絆を深め村の活力に

-住民の福祉の向上に邁進・努力-

片品長 星 野 賢 二    

 片品村は、県の東北端に位置し、新潟県・福島県・栃木県に接し392平方qの面積を有し、その91%を森林が占め、観光と農業が主産業の村であります。特に尾瀬は特別保護地区で特別天然記念物に指定をされております。自然偉大な恵みによって生まれた高層湿原や至仏山など美しいだけでなく、学術的にも極めて価値の高い貴重な植物が生育しております。この貴重な尾瀬の自然は、祖先から受け継いだ共有の遺産を国民の宝として大切に保護し、後世に伝えることが私たちの責務であると思い対応しています。

 地方自治体を取り巻く環境は大きく変化するとともに厳しく先行き不安定な時期にあます。片品村も市町村合併につきましては、昨年10月に合併の意思を問う住民投票条例が制定されまして投票を実施した結果、反対多数で合併をしないで「自主自立」を選択いたしました。地方自治体の状況を考えると大変厳しい選択でありますが、村民とともに痛みをこらえて厳しい道を進むことが使命であると考えて、これからのむらづくりに三つの目標を考えています。

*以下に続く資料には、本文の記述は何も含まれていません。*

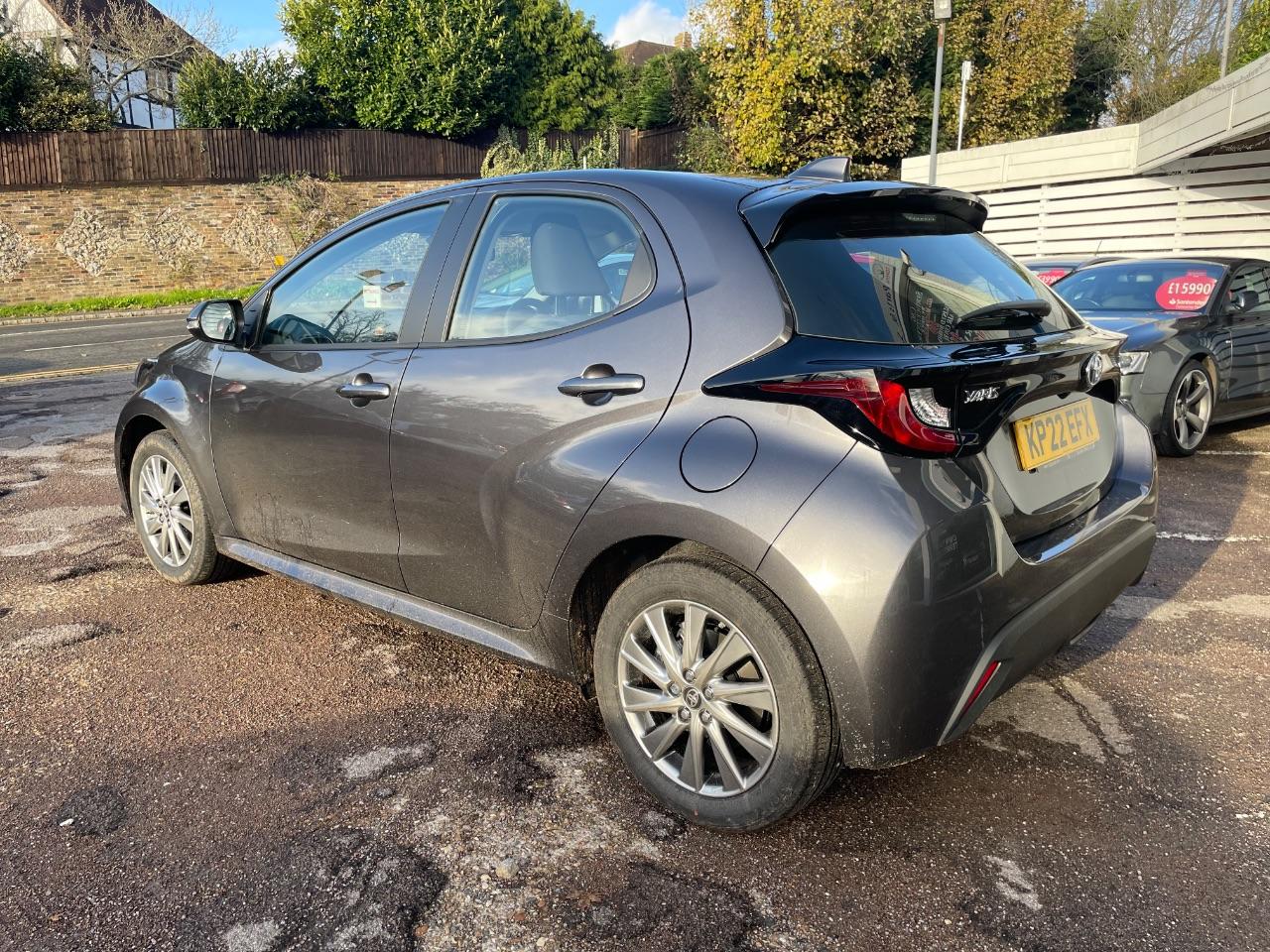 2022 Toyota Yaris 1.5 Hybrid Icon 5dr CVT - APPLE CAR PLAY - R/CAMERA - BLUETOOTH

 一つ目は、「安心して暮らせる村民生活」です。潤いのある生活環境をつくるため、生活・文化・福祉環境を充実させ、一芸に秀でた人材の活用や子育て支援の拡大に努め、文化活動の活発化を図り住民活動に活力を与える。

 二つ目は、「自然を生かした地域産業の発展」です。自然資源を活用し四季を通じての振興対策は過疎の山村ではなかなか厳しい状況にありますが、自然景観など全国に誇れるものがたくさんあります。各種団体等と連携を図り、この地域に根ざした振興策を考えていきたい。

 三つ目は、「村民とともに進めるむらづくり」です。これからは益々地域づくりが重要になると思います。住民自治組織の活動を活発化させ、それを行政が支援できることが大切であると思います。

 現在、片品村は「小さな自治」の取組を進めています。村内8行政区に役場職員の地域担当制を決めて、地域と行政が連携をして計画作成に向けて進めています。真の地方分権型社会を実現するために、中央依存型の画一的な行政から、住民一人ひとりの相貌が見え、温もりが感じられる地域を創造していく行政への転換が求められています。

 私たちが目指すべき地域社会は、住民一人ひとりが人間的尊厳を保ち、自律的に判断し、意欲を持って行動する社会であると考えています。群馬県の地域社会には、固有の歴史や伝統文化などを礎として成り立ってきた温もりある集落や自立的に実践されている小さな自治活動が存在しています。こうした集落の活動力を将来にわたって維持し、住民の絆を深め、新たなる人間的な絆を創出していくことが市町村の活力となり、ひいては群馬県の活力に繋がるものと考えています。

 こうした観点から地域住民の役割は自立的な地域社会において、個人が出来ることは個人自らが自助努力で行い、個人では出来ないことは家族や地域の取組で共助しながら解決を図り、それでも解決できない問題は行政が担う公助が基本だと考えております。住民はサービスの受け手であるのみならず、行政と協働しながらサービスの提供や地域づくりの担い手として主体的に活動し、住民自治の拡充に向けて積極的に取り組んでいくことが期待されています。

 また、行政として住民の目線に立った行政サービスや地域づくりを進めていくためには、施策はできる限り住民の身近なところで行うことが求められています。このため、住民に最も身近な市町村こそ、地方分権を担う中核と位置付けられます。市町村は、住民生活や地域に密着した行政を総合的に担うべき最も身近な政府として、自己決定・自己責任の原則に基づき、地域のあり方について住民の意見を反映しながら、住民の監視の下に自立的な行政運営を行うことが期待されています。

 しかし、このような村づくりを進めるためには、いくつかの課題を乗り越えなくてはなりません。国においての三位一体改革や地方交付税制度が財政力の弱い自治体へどのような改革の姿を示すのかが見えてこない中で、経費削減は避けられない問題であります。

 片品村では、4月からは庁内機構改革を実施して2課削減して行政のスリム化・効率化を図り、良質な行政サービスに努めるとともに、事業についても当初の目的が達成された事業、情勢の変化により目的の必要性が薄れた事業、効果が薄れたものや類似の事業の統合化などの見直しを行い、各種団体の体質改善や補助金の必要性や適正化を判断して効果のある制度改革を推進し、住民サービスについても国・県の補助金や負担金を受けて実施した事業も補助金等の削減により単独事業として継続している事業なども含め住民から見て重要性・必要性などをさらに検討・見直しを図り、真の地方行政のあり方を考えた取組をしなければならないと考えています。

 こうしたことを実現することにより片品村の将来が開けてくるものと信じて、住民の福祉向上に邁進、努力をしているところであります。